Example 3-4. Hashdump

 <table>   <tr>      <th> key </th>      <th>value</th>   </tr> % for (keys %hash) {    <tr>      <td> <% $_ %> </td>      <td> <% $hash{$_} %> </td>    </tr> % } </table> <%ARGS> %hash => undef </%ARGS>

There's a few things to notice in this example. First, see how we intersperse ordinary HTML with logic, using % ..., and evaluated Perl expressions, using <% ... %>. The only places % is special are at the start of a line and as part of the <% ... %> tag; the % of %hash is plain Perl.

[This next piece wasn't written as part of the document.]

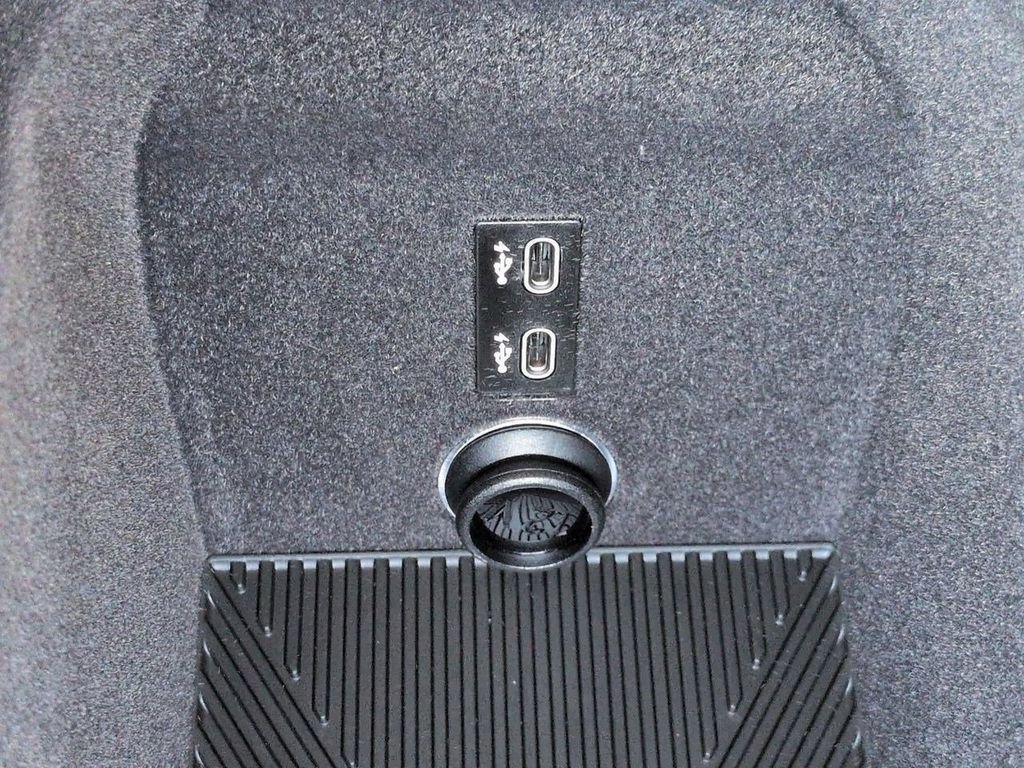 New 2026 Oxide Grey Metallic BMW 760i xDrive image 23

The second thing to notice in the example is how we get the hash into the component in the first place. That's the purpose of the <%ARGS> sectionit declares arguments to pass to the component. And how do we pass in those arguments? Here's something that might call Hashdump:

     % my %foo = ( one => 1, two => 2 );     <& /Hashdump, hash => %foo &>

So altogether, we have an example of declaring my variables inside a component, passing a named parameter to another component, and having that component receive the parameter and make use of it. Mason will try to do something sensible if you pass parameters of different types than the types you've declared in the <%ARGS> section of the receiving component (here we passed a hash to fill in the %hash parameter, for instance), but life is easier if you stick to the same types.

3.4.3. Perl Blocks

There's a final way of adding Perl logic to your components, but it's not used much in the form we're about to describe. If you've got long Perl sections, you won't want to put a % at the beginning of every line. Instead, you can wrap the whole thing up in a <%PERL>...</%PERL> block.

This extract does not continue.